Back to birding. This morning, Wednesday, September 26th, we went to San Joaquin Wildlife Sanctuary in Irvine to look for the Virginia, no, not warbler, Virginia Rail.
As we were walking out to pond D, I reminisced where I had seen the rail in past years, the east side, along the back and over on the west end. We scanned the back, walked forward a few feet and started to scan the east side along the reeds. There it was, sitting out on the mud! 654 John got pics even. After a few minutes, it had slunk back into the reeds and a Sora strolled out.
A few weeks ago, while we were gone, of course, a Virginia's Warbler was reported at Huntington Beach Central Park. Maybe it was worth a walk-about. There were some Orange-Crowned Warblers and I got a glimpse and chirrup of a Western Tanager, but not much else. We searched the trees near the library for Great Horned Owls. I am not supposed to get a lot of exercise for a few weeks, so I asked John to continue the circle around the park while I went back to the cafe to wait.

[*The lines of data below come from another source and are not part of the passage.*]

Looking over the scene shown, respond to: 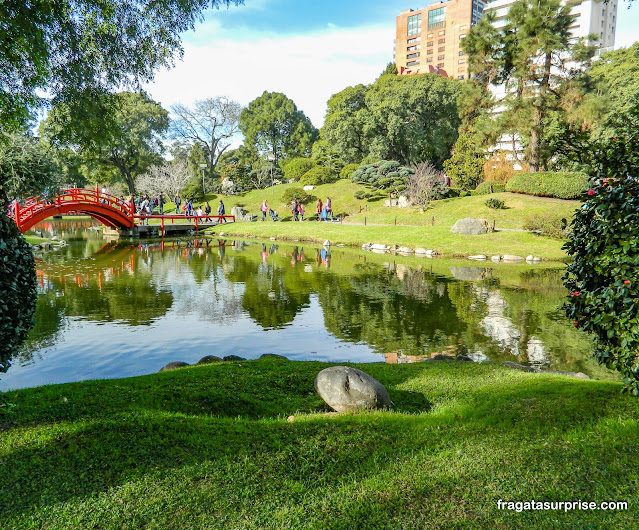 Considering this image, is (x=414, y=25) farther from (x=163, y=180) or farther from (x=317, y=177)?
(x=163, y=180)

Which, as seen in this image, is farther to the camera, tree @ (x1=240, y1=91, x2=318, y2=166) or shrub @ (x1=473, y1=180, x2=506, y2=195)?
tree @ (x1=240, y1=91, x2=318, y2=166)

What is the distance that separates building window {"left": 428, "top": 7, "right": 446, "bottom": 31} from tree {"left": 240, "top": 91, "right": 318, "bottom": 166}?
4159 cm

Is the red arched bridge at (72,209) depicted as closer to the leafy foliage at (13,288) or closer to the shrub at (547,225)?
the leafy foliage at (13,288)

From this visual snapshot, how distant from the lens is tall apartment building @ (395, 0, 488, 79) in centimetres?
8419

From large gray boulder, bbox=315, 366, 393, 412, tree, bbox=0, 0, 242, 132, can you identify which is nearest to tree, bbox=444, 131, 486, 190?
tree, bbox=0, 0, 242, 132

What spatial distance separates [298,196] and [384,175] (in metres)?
8.40

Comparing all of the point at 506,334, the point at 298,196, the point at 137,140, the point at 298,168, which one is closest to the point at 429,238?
the point at 506,334

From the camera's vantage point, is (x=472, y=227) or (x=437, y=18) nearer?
(x=472, y=227)

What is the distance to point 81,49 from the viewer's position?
9.83m

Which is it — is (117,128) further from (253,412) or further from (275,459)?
(275,459)

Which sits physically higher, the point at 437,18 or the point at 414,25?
the point at 414,25

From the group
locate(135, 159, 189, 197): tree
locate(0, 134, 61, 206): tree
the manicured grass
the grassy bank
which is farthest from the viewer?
locate(135, 159, 189, 197): tree

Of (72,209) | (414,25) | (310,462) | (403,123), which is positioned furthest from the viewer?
(414,25)

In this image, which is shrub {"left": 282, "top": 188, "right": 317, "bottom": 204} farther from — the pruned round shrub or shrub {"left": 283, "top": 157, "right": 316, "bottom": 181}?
the pruned round shrub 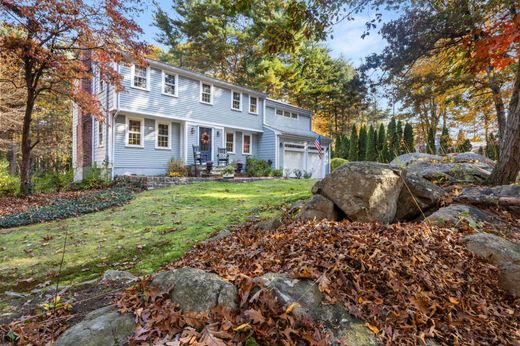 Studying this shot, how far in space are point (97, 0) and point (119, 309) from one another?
10.7 metres

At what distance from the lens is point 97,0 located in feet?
30.4

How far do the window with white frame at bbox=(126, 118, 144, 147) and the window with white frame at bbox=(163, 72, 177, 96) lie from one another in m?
2.07

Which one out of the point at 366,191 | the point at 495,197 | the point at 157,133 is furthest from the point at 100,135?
the point at 495,197

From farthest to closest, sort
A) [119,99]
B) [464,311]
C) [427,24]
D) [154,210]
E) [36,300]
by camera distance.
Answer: [119,99]
[154,210]
[427,24]
[36,300]
[464,311]

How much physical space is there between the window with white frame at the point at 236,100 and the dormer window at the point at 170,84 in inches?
148

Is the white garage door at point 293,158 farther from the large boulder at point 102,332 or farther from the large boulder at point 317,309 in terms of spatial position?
the large boulder at point 102,332

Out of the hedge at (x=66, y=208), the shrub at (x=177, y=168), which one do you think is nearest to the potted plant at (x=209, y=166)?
the shrub at (x=177, y=168)

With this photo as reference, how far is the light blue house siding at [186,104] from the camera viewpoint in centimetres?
1277

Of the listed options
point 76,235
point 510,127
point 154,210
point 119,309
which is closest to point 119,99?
point 154,210

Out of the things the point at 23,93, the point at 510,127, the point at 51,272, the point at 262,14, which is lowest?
the point at 51,272

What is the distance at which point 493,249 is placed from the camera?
9.07 ft

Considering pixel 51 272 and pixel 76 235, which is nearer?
pixel 51 272

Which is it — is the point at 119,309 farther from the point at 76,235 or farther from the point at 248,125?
the point at 248,125

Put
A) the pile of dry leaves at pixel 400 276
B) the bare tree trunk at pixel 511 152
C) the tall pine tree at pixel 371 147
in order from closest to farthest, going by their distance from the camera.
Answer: the pile of dry leaves at pixel 400 276 < the bare tree trunk at pixel 511 152 < the tall pine tree at pixel 371 147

We parted. I walked back several yards and met a guy with binoculars. 'Sure, the owls are roosting right around here.' It took us a while to find the owls and by then it was too late to chase after John. So I walked back to the cafe to wait. After John got there, we walked back to the corner, I found the owls again and John got some pictures. Yes, he has already heard them for the year. Still it was great to get a visual and pictures.
Just another time we could have used our cell phones to connect and neither of us were carrying!
A little like Pale Male of Central Park in NYC, a lot of non-birders know of the owls and keep tabs on their activities. A couple passing by said that they had come at night to watch the owls hunt and that this spring there were three fledglings. I think there has been an owl family at the library continuously for several decades. The city even modified remodeling plans to avoid disturbing the owls.